January 11, 2023
January 11, 2023
The circular economy describes an economy where materials are used and reused, rather than used and discarded. By creating a product lifecycle that is a closed loop, our resource use can become more environmentally sustainable.
Products that fit into the circular economy are designed to be reused. When a product is reusable, it keeps the raw materials that were used to make it out of the waste stream and out of the environment. It also helps to reduce the demand for new resources to be harvested, allowing renewable resources to regenerate and helping to decrease overall resource consumption.
Some common examples of products that fit this description include reusable water bottles and straws. By using straws and beverage containers that are meant to be cleaned and reused, more disposable bottles and straws are kept out of the waste stream and a single product can replace many over the course of its useful life. Another common example is the reusable shopping bag. Instead of relying on single-use bags, shoppers bring their own with them that can last many trips to and from the grocery store.
Another feature of the circular economy is the use of recyclable and recycled materials. After reusing items, eventually most will reach the end of their useful life. Instead of disposing them in a landfill or incinerator, recycling breaks them down into component materials that can be used to make a brand-new product. Common examples of products made from recycled materials include aluminum beverage cans, recycled PET bottles, newspapers, paper packaging, and glass containers.

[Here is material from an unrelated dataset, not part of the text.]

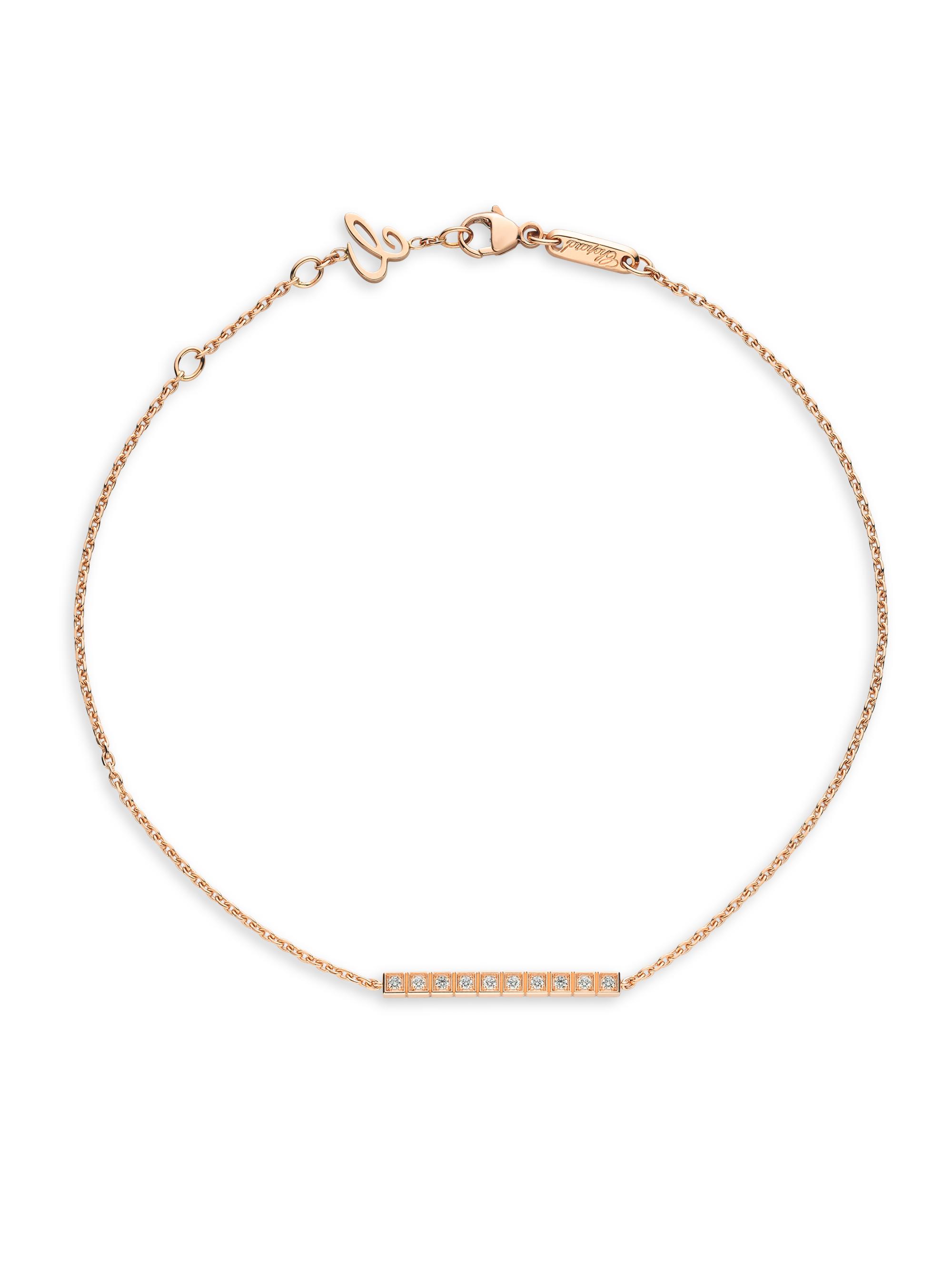 Chopard Women's Ice Cube Diamond & 18K Rose Gold Bracelet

When products are not recycled, what happens to them? Ideally, they can break down and be absorbed back into the environment without causing damage. Using natural materials where possible is one way to ensure that products can break down without causing environmental harm. Some good examples of sustainable, biodegradable materials can be found in mushroom packaging (mycelium), bamboo products, and Ranpak paper.
Paper comes from trees, which are a renewable resource. Trees harvested from sustainably managed forest land can regrow without harming natural land. Organizations like the FSC® set standards which define what forest products can be considered sustainably harvested, which further helps to identify renewable products. These standards are designed with consideration for both wildlife and local communities. Ensuring that our paper is responsibly sourced from sustainable managed forest land is a key part of our ESG journey.

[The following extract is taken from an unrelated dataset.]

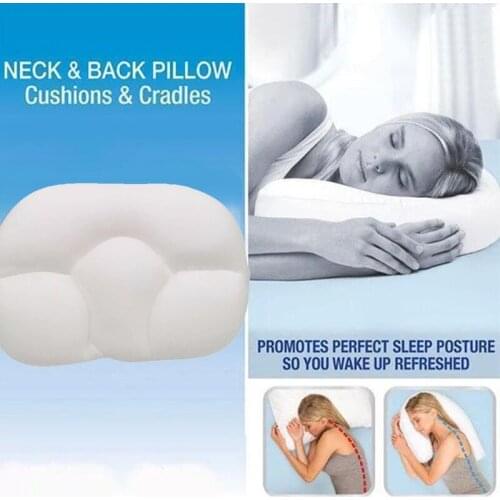 All-round Cloud Pillow Multifunctional Sleeping Egg Pillow Memory Foam Soft Orthopedic Neck Pillow Butterfly Shaped Pillow Healt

Paper used for packaging typically has a short active life, protecting consumer or industrial goods being shipped before being ready for disposal. Ranpak paper can be reused by consumers for packaging their own items, or easily recycled within curbside recycling bins. Paper enjoys a high rate of recycling, meaning that it is likely that Ranpak products will become new paper products after they are used.

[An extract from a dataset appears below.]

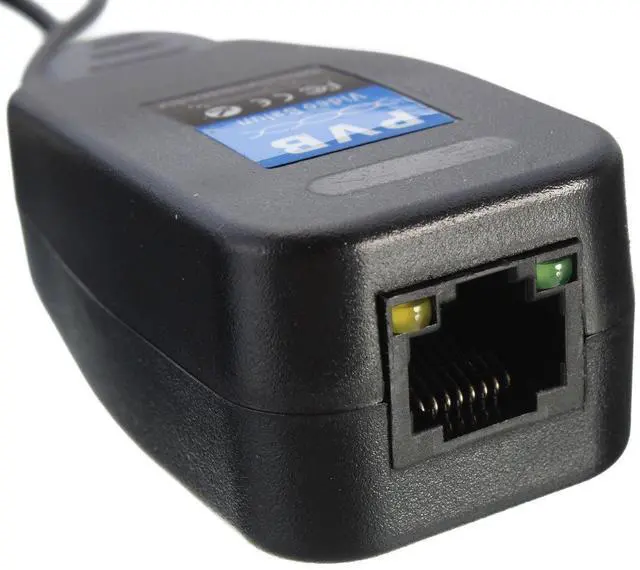 Alt view image 3 of 7 - 10 Pairs HD-CVI/TVI/AHD Passive Video Balun with Power Connector and RJ45 CAT5 Data Transmitter BNC Twisted Pair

Not all packaging materials are recycled, and recycled fibers will eventually no longer be suitable for continued use. At the very end of the paper lifecycle, as an organic material paper can naturally biodegrade, breaking down and returning to the soil. This final decomposition closes the product loop, allowing Ranpak paper to be a truly circular product in every sense of the word.
To explain why we need the circular economy, it helps to define the system that this concept is meant to replace. A linear economy is a system where raw materials are harvested at the start of the product lifecycle and at the end of that lifecycle they are discarded. For example, oil is extracted and made into plastic film. That film wraps a product, then winds up in the trash. After this, the cycle starts again. Within a linear economy, value creation can only be sustained by using more and more raw materials. When those raw materials include environmentally harmful oil and gas, as is the case with plastic, additional damage can be done to the environment.
Another hallmark of a linear economy is that products are thrown out once reach the end of their useful life. The materials that they are made of no longer meaningfully contribute to the economy and are neither reused nor recycled, ending up in landfills.
Fossil fuel extraction continues to power a global plastic industry that has seen microplastic pollution expand to every environment on earth. This linear economy status-quo is not sustainable, and more responsible systems are needed to avoid overwhelming our environment and natural resources.
The circular economy proposes an alternative. Renewable resources and recycled materials are used, and then reused, creating a closed loop that helps avoid environmental damage. When these resources cannot be reclaimed into production, they should be able to biodegrade safely and naturally. Thanks to an efficient use of resources, the circular economy can help enable sustainable consumption.